I saw a video that broke my heart into a million pieces, I saw this little girl who was destroyed at a tender age of 4 by an elderly man…and ever since my mind has not had peace. So I thought that I should just give a little turorial on how to protect our little ones.
You know most mothers are too afraid to teach their child about sex education, because they feel/think it will corrupt the mind of their young angel…but mama its not so the earlier you teach then the better you and you young one.
And if you are lucky to have a talkertive child like my niece even better, evil doers will never harm them or even go close to them because they are afraid that such a child might expose them.
Teach Them Real Names of their body parts.
Teach young children the language they need to talk about their bodies and information about boundaries to help them understand what is allowed and what is inappropriate. These lessons help them know when something isn’t right and give them the power to speak up.
When children have the words to describe their body parts, they may find it easier to ask questions and express concerns about those body parts.
Some parts of the body are private.
Let children know that other people shouldn’t touch or look at them. If a healthcare professional has to examine these parts of the body, be present.
This one is just one of the first step of how it all starts when that uncle or aunty starts touching their little buttocks and dry chest all in the name of playing they would start entising them with sweets and biscuits.
It’s OK to say “no.”
It’s important to let children know they are allowed to say “no” to touches that make them uncomfortable. This message isn’t obvious to children, who are often taught to be obedient and follow the rules. Support your child if they say no, even if it puts you in an uncomfortable position. For example, if your child doesn’t want to hug someone at a family gathering, respect their decision to say “no” to this contact.

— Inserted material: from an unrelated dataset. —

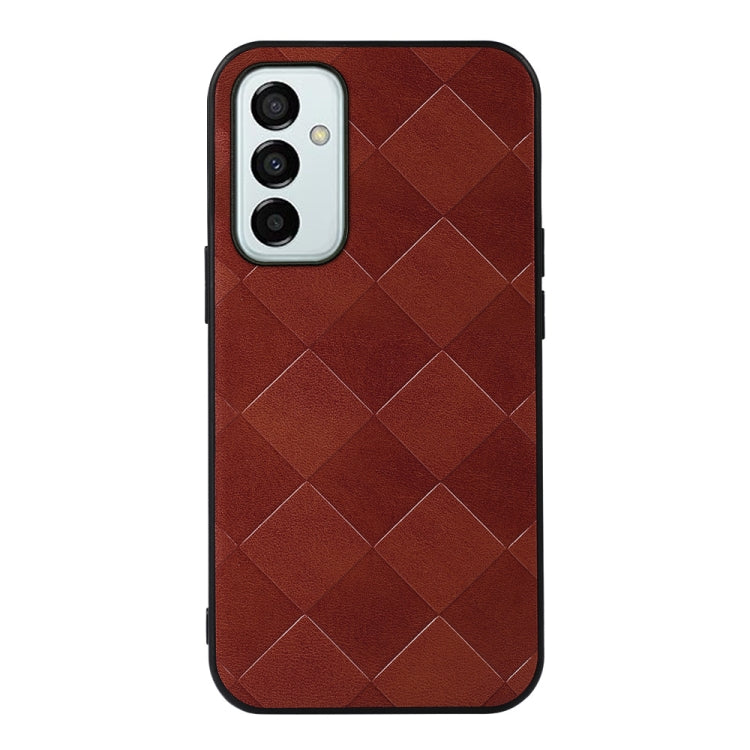 For Samsung Galaxy M23 / F23 5G Weave Plaid PU Phone Case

Most times these children don’t know how to express or relay a vital information to you their because they are not too sure of how you would react or because they have been threatened by this so called uncles and aunties so the best way they know how to react is to avoid contacts with such people so its up to you as an adult to stand by the child decision. Maybe you can talk about his/her attitude after the gathering.(in a calm way to allow him/her to open up)
Talk about secrets.
Perpetrators will often use secret-keeping to manipulate children. Let children know they can always talk to you, especially if they’ve been told to keep a secret. If they see someone touching another child, they shouldn’t keep this secret, either.
Show interest in their day-to-day lives.
Ask them what they did during the day and who they did it with. Who did they sit with at lunchtime? What games did they play after school? Did they enjoy themselves?
Get to know the people in your child’s life.
Know who your child is spending time with, including other children and adults. Ask your child about the kids they go to school with, the parents of their friends, and other people they may encounter, such as teammates or coaches. Talk about these people openly and ask questions so that your child can feel comfortable doing the same.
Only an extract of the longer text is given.